A trio of economists at Mount Holyoke College in Massachusetts have studied Hall of Fame voting patterns and concluded the Cuban-born star would have been inducted by now if he were white.
The charge is impossible to prove, and difficult to dispute. Professors Michael Robinson, James Monks and Arna Desser claim to have found a statistical pattern of voting bias against Hispanic candidates for Cooperstown, enough to keep Perez and Orlando Cepeda on the outside looking in.
"The model that we examined showed there were between four and seven percent fewer votes received by Latin baseball players," Robinson said Wednesday afternoon. "We controlled for a whole series of statistical measures. We used the usual suspects: batting average, RBI and home runs, and we put in variables of whether you're in the top 50 of any category."
A borderline candidate
The relevant math is far too complicated for this forum (and its author), but the results are simply stated and terribly troubling. "We do find evidence of discrimination in voting against Hispanic players," the professors wrote. "We also find evidence that white Hall of Fame nominees have significantly weaker career statistics than African-American nominees and to a lesser extent significantly weaker career statistics than Hispanic nominees."
The Baseball Writers Association of America has been known to hold grudges against difficult personalities - Albert Belle and Ted Williams were each deprived of Most Valuable Player awards because of their attitude toward the media - but racial bias in the press box has rarely been quantified before.
Frankly, I'm still not convinced.
Much as he is revered by Reds fans, Tony Perez is plainly a borderline Hall of Fame candidate. He spent 23 seasons in the major leagues, but never led the league in a significant statistical category. He was more reliable than remarkable, a steady run producer in a lineup that afforded abundant run-producing opportunities. In short, a very good player on a very great team.
I justify Perez' place on my Hall of Fame ballot each year because of his staying power rather than his starpower. For 11 straight years - from 1967 through 1977 - he drove in at least 90 runs per year. With a runner on third base, he was dinero en elbanco.
"If the game goes long enough," Dave Bristol liked to say, "Tony Perez will find a way to win it."
Hall rewards patience
It is painful to watch such a proud and decent man be disappointed year after year, but patience is a big part of the Hall of Fame process. Only baseball's finest players find Cooperstown on the first try, and the rest are required to wait until a consensus forms about their candidacy.
Phil Niekro, who will be enshrined Sunday, finally made it on his fifth year on the ballot.
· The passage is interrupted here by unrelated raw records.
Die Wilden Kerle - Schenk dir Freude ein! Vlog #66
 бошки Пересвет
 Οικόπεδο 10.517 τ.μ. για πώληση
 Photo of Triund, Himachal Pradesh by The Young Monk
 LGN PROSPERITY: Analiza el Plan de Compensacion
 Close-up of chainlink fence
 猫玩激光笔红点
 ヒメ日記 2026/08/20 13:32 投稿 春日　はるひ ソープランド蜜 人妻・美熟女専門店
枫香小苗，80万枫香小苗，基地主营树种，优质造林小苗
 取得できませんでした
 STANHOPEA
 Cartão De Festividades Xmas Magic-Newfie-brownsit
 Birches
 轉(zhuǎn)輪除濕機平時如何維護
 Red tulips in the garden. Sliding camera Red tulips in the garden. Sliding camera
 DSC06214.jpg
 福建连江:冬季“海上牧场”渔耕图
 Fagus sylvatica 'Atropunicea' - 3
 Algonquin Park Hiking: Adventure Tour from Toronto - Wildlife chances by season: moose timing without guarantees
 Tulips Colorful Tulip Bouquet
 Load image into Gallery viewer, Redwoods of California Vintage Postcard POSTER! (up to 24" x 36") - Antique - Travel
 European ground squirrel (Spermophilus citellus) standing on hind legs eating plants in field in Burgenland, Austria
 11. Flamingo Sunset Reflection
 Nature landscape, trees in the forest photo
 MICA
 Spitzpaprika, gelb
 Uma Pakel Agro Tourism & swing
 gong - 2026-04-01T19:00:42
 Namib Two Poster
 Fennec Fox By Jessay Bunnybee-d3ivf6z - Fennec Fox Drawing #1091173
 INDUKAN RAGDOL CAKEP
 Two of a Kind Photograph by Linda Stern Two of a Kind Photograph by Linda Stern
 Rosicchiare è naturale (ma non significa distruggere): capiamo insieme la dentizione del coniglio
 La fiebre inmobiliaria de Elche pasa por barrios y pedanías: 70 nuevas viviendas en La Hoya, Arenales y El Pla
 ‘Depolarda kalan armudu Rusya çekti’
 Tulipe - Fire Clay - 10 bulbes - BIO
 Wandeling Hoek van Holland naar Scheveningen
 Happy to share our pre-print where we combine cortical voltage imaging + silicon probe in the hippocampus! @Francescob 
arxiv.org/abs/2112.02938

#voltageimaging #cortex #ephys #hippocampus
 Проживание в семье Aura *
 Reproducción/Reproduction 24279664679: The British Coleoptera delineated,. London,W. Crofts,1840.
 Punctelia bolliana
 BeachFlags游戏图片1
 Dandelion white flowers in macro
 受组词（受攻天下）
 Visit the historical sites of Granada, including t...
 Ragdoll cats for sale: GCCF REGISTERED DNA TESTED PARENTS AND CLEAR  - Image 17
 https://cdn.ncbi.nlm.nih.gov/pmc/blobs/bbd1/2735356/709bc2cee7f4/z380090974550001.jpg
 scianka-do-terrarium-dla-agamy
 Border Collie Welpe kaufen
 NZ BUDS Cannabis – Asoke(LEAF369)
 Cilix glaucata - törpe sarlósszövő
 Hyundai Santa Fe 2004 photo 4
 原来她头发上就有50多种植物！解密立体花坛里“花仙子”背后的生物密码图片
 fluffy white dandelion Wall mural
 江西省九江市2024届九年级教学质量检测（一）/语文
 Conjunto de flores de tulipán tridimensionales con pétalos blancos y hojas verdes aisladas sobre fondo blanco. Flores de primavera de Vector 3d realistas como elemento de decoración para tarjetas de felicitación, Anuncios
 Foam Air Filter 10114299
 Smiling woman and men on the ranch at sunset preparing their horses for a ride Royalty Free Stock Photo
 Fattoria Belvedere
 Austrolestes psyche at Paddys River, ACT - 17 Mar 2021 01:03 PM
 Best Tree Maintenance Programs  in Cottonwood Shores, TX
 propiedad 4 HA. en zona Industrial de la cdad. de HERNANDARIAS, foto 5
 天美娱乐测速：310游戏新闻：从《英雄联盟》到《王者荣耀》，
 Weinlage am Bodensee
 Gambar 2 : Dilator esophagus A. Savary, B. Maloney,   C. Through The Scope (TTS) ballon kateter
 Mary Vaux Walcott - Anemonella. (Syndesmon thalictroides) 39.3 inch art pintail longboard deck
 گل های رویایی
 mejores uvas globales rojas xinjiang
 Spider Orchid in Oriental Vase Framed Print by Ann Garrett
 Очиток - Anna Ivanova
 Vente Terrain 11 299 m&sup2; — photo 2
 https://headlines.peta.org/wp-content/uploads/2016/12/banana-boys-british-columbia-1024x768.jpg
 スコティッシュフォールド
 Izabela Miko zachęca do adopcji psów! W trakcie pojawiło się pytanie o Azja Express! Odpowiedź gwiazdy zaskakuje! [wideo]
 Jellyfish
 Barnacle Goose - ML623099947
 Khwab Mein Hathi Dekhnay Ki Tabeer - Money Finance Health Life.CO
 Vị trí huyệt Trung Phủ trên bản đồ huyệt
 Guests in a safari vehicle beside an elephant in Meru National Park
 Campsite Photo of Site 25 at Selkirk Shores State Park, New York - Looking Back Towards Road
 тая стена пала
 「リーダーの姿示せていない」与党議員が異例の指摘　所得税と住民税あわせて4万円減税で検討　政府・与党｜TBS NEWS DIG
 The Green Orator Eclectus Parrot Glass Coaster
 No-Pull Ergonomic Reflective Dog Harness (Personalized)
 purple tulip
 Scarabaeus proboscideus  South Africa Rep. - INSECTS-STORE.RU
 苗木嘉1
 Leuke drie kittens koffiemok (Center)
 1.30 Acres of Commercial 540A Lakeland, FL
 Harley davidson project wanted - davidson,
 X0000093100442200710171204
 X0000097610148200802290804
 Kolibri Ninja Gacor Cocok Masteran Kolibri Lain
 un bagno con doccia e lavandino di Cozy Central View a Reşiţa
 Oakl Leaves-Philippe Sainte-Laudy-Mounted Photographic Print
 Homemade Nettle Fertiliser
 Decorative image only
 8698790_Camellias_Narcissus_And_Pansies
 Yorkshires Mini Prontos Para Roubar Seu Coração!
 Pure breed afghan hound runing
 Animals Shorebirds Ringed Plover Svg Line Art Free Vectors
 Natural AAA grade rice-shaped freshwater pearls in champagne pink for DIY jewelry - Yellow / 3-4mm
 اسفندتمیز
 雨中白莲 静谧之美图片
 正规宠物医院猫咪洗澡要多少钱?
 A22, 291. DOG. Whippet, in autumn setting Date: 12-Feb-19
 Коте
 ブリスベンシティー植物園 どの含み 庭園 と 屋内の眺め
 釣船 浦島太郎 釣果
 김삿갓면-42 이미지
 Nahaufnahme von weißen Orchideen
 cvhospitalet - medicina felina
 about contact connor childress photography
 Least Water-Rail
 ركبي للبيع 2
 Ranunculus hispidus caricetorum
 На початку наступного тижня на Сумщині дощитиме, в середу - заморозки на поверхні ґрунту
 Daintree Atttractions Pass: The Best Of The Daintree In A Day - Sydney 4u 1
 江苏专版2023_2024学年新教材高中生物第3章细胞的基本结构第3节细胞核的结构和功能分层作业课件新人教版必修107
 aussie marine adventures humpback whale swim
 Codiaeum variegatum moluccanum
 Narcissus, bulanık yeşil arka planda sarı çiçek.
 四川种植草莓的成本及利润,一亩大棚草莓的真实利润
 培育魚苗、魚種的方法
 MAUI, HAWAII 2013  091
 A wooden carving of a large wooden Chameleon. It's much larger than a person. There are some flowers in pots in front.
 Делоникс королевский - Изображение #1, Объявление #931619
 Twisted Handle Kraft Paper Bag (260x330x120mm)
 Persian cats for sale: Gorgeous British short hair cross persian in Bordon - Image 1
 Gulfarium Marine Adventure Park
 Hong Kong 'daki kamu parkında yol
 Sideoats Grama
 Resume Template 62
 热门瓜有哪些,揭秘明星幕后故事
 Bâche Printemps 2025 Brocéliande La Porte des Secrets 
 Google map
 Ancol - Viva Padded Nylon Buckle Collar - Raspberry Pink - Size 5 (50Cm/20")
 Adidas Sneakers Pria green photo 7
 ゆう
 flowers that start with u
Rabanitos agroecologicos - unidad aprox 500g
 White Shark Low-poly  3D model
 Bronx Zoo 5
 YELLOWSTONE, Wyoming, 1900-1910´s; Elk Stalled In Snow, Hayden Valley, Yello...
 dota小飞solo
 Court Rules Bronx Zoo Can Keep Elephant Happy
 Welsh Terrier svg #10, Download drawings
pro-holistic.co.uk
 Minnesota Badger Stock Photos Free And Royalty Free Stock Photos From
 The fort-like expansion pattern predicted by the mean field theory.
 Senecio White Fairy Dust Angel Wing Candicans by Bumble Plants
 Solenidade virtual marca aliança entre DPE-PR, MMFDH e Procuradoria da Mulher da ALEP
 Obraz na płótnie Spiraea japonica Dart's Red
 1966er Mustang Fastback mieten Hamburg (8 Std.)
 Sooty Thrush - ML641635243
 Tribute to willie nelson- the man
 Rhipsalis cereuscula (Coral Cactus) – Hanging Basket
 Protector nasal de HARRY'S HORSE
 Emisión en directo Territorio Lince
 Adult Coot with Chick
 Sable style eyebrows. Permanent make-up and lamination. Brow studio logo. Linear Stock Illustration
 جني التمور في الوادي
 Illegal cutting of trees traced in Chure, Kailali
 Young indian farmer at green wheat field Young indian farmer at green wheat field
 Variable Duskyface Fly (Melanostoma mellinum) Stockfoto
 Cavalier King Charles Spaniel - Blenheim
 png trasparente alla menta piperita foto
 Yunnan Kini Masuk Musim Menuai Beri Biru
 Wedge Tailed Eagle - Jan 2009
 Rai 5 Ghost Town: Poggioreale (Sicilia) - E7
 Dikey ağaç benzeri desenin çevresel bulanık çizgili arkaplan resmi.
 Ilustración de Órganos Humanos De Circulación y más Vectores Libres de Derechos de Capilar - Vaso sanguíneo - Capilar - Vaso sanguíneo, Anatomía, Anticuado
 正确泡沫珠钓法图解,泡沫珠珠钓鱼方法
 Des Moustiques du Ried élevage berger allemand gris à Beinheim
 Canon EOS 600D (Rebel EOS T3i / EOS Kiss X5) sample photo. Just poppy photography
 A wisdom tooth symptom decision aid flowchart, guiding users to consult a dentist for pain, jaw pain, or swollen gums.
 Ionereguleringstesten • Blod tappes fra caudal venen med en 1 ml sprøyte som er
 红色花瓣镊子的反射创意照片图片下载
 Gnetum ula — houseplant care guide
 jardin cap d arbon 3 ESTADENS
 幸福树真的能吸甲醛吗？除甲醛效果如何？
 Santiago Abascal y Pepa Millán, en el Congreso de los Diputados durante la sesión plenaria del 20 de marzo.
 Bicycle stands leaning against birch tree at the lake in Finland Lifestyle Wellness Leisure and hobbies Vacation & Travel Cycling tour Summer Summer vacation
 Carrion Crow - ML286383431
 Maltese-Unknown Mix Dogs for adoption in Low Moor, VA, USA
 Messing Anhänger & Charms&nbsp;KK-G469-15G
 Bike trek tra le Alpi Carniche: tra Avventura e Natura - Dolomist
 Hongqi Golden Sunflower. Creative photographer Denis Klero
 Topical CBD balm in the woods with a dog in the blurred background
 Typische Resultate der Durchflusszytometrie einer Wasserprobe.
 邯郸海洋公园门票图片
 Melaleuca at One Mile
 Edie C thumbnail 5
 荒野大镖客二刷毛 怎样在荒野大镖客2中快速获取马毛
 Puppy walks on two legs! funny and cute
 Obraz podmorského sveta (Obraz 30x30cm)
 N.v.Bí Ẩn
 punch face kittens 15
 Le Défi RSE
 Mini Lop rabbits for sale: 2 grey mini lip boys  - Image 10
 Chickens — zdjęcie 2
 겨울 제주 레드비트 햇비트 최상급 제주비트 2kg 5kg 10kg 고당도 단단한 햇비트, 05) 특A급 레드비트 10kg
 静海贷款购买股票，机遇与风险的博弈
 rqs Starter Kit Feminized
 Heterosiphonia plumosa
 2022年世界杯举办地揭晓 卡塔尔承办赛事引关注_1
Billy Williams did not succeed until his sixth try.
Duke Snider spent his whole career in the media markets of New York and Los Angeles. He finished with 407 homers and in various seasons led the National League in hits, slugging, homers, runs and RBI. The Duke also happens to be white, yet he was still denied 10 times before he ultimately attained immortality.
This doesn't disprove the Mount Holyoke hypothesis, which was formulated following an examination of the elections between 1980 and 1997. But it does raise the question of whether the overwhelmingly white baseball writers are racist or just slow.
Either way, the study and any attention it receives probably suits Tony Perez' purpose. It places a burden of proof on the voters, and it will surely lead some of them to reassess the Big Dog's career.
"I hope so," Perez said Wednesday. "I hope they just go through it again and check my numbers and check what I did for the teams I played for. I think I belong. I'm sure I belong."